The LADIES were split into their All Ireland classes of 1-6 and 7-10. In the smaller class Sinead Tivy in her Class 2 Micra had the job of catching Jasmine Cusack’s Class 1 Mini. Every time in was close but Sinead managed it three times and Jasmine held on to win the other two heats. With a couple of extra laps in the final Sinead took a more comfortable win from Jasmine, while third was Siobhán O’Sullivan, driving very well in her first event with a Class 1 Micra.


Two Class 7s were matched against five Specials in the other section, although Stephanie Davis never appeared in the Class 9 and Louise Browne only did the first heat. Nobody could catch Michaela Dance in Jake Williams’ Seicento in any of the heats, so the final was lined up with no handicap. This brought the Class 8s back into the game and Michelle Cusack held off Nicole O’Brien for the win, while Michaela spun out of third on the last lap. Chloe Sheehy’s Class 7 completed the finishers with Jenny Houlihan not starting the final. Overall, Michaela was still the winner, from Michelle and Nicole.

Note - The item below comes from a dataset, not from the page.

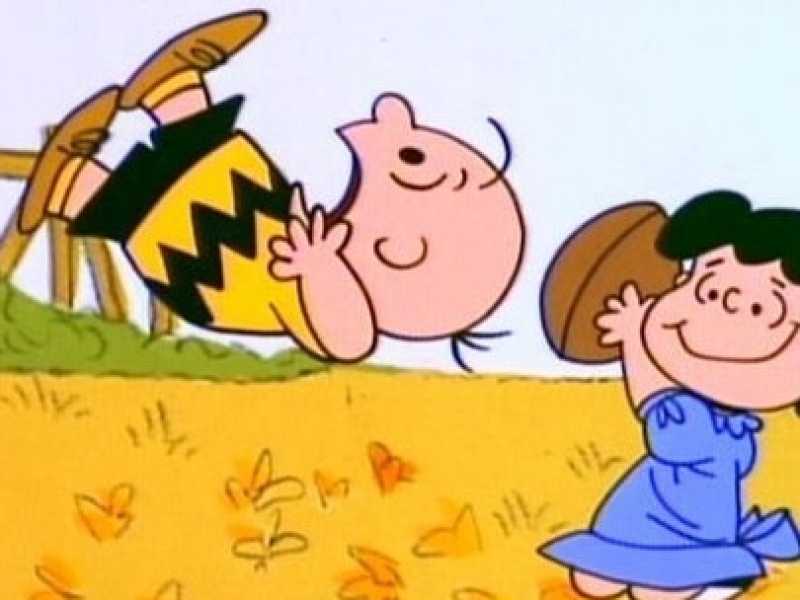 Il rapporto tra Pd e M5s sembra una gag dei Peanuts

That just left the race everyone was here for – the DONAL O’BRIEN MEMORIAL cup race. Eleven of the potential seventeen qualifiers lined up and Shane Farrell set a good pace in his Class 1, ahead of the chasing Peter O’Grady, Sinead Tivy and Liam Eyre. Further back Jake Williamson’s class 7 was making the faster progress and Jake hit the front on lap 6 – just before the red flags came out as a tangle between Stephen O’Neill and Keith Kelly left Stephen’s Class 8 balancing on its rear end.


After much discussion it was agreed not to rerun the race with just a couple of laps to go – in any event Jake couldn’t have gone in a rerun with his ferry to catch. Some thought the result should have been taken back a lap with Shane the winner, but there are no real rules for a race like this, where you’re only looking for one winner, so the man in front when the race was stopped got the cup and started his next race towards Rosslare (they made it!). Everyone else gathered in the evening sunshine for a more relaxed presentation of the trophies, to round off an excellent weekend for Mallow, a fitting tribute to Donal, and a success for the club’s new chairman, Daniel O’Keeffe, in his first major event at the helm.